■ **RECORDED INFORMATION**
▶
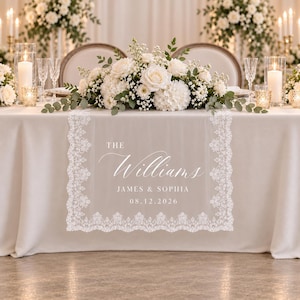 May include: A white lace table runner featuring the printed text THE Williams JAMES & SOPHIA 08.12.2026. The runner has intricate floral lace borders and is draped over a solid cream-colored tablecloth, topped with a large white floral centerpiece.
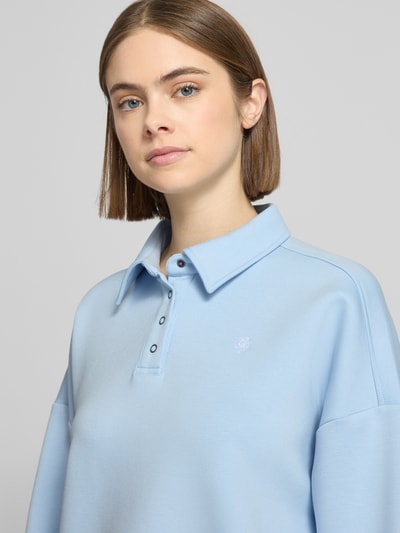 Frauenmodel trägt Cropped Pullover mit Viskose-Anteil von Guess Jeans in Hellblau, Polo-Kragen, Logo-Stitching, Nahaufnahme Oberkörper.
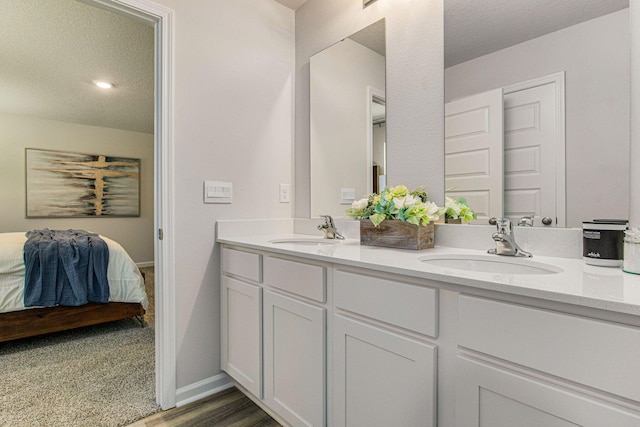 ensuite bathroom featuring double vanity, a textured ceiling, a sink, and ensuite bathroom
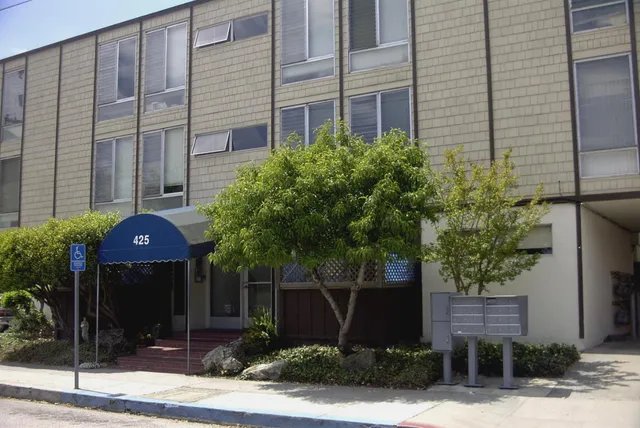 a front view of a building with garden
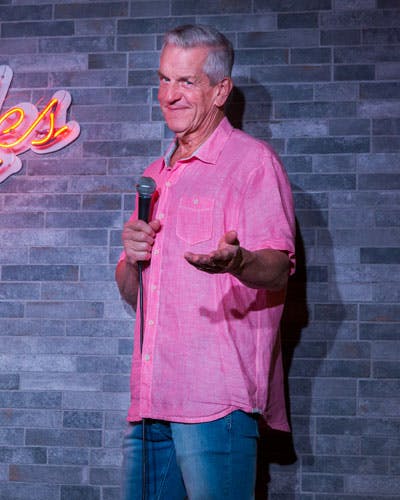 Lenny Clarke standing in front of a brick building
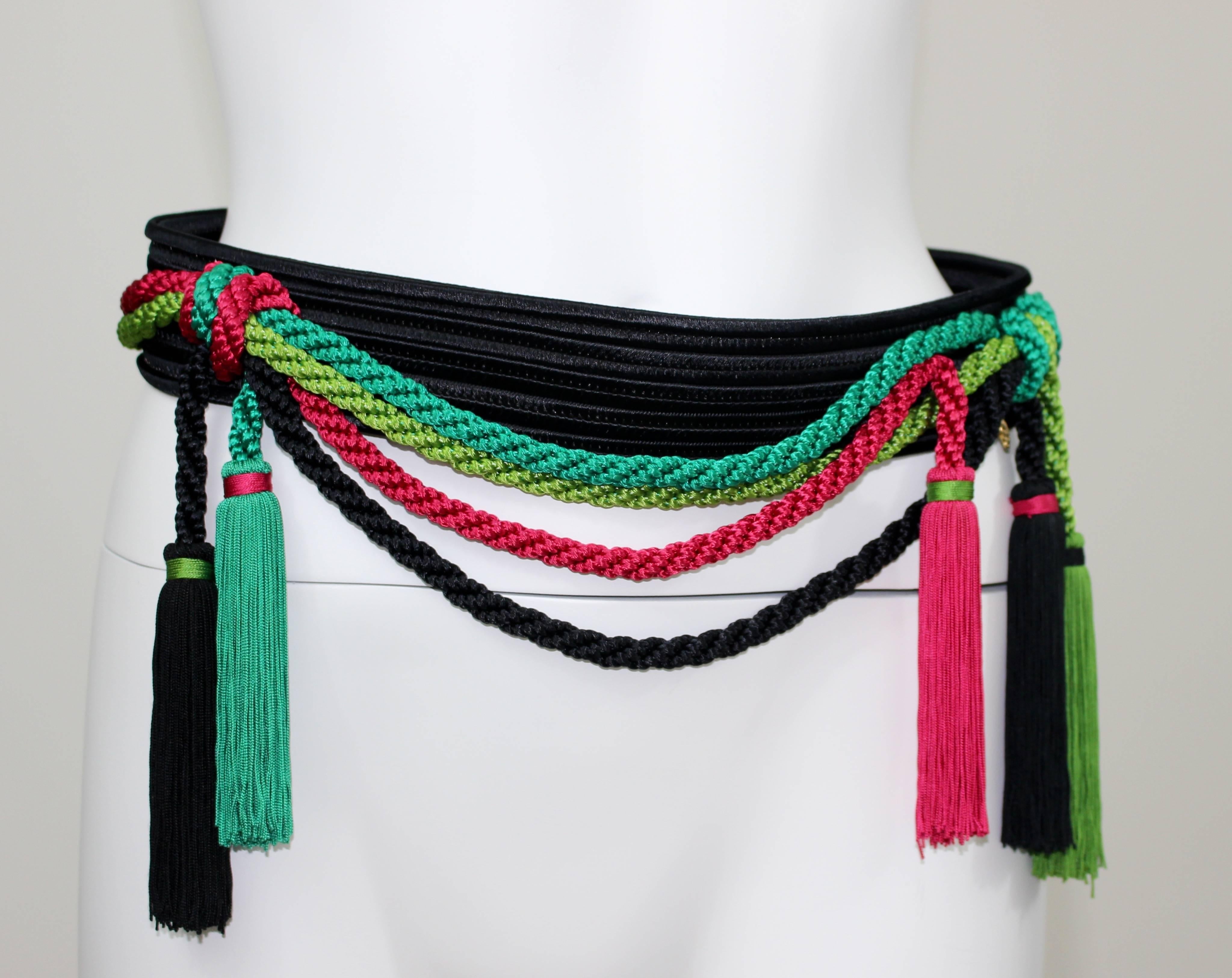 Vintage Yves Saint Laurent Russian rope and tassel belt.
Black with ropes in turquoise, chartreuse, and hot pink. 
Five tassels!
Single hook closure in the back.
Signed YSL on the gold name plate that is sewn to the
◀
■ **TASK GOAL**
The expected output is an exact retyping of the lines from the line with "Frauenmodel trägt Cropped" through the last line of the data, with both ends kept and the pictures dropped.

■ **WRITTEN REPLY**
 Frauenmodel trägt Cropped Pullover mit Viskose-Anteil von Guess Jeans in Hellblau, Polo-Kragen, Logo-Stitching, Nahaufnahme Oberkörper.
 ensuite bathroom featuring double vanity, a textured ceiling, a sink, and ensuite bathroom
 a front view of a building with garden
 Lenny Clarke standing in front of a brick building
 Vintage Yves Saint Laurent Russian rope and tassel belt.
Black with ropes in turquoise, chartreuse, and hot pink. 
Five tassels!
Single hook closure in the back.
Signed YSL on the gold name plate that is sewn to the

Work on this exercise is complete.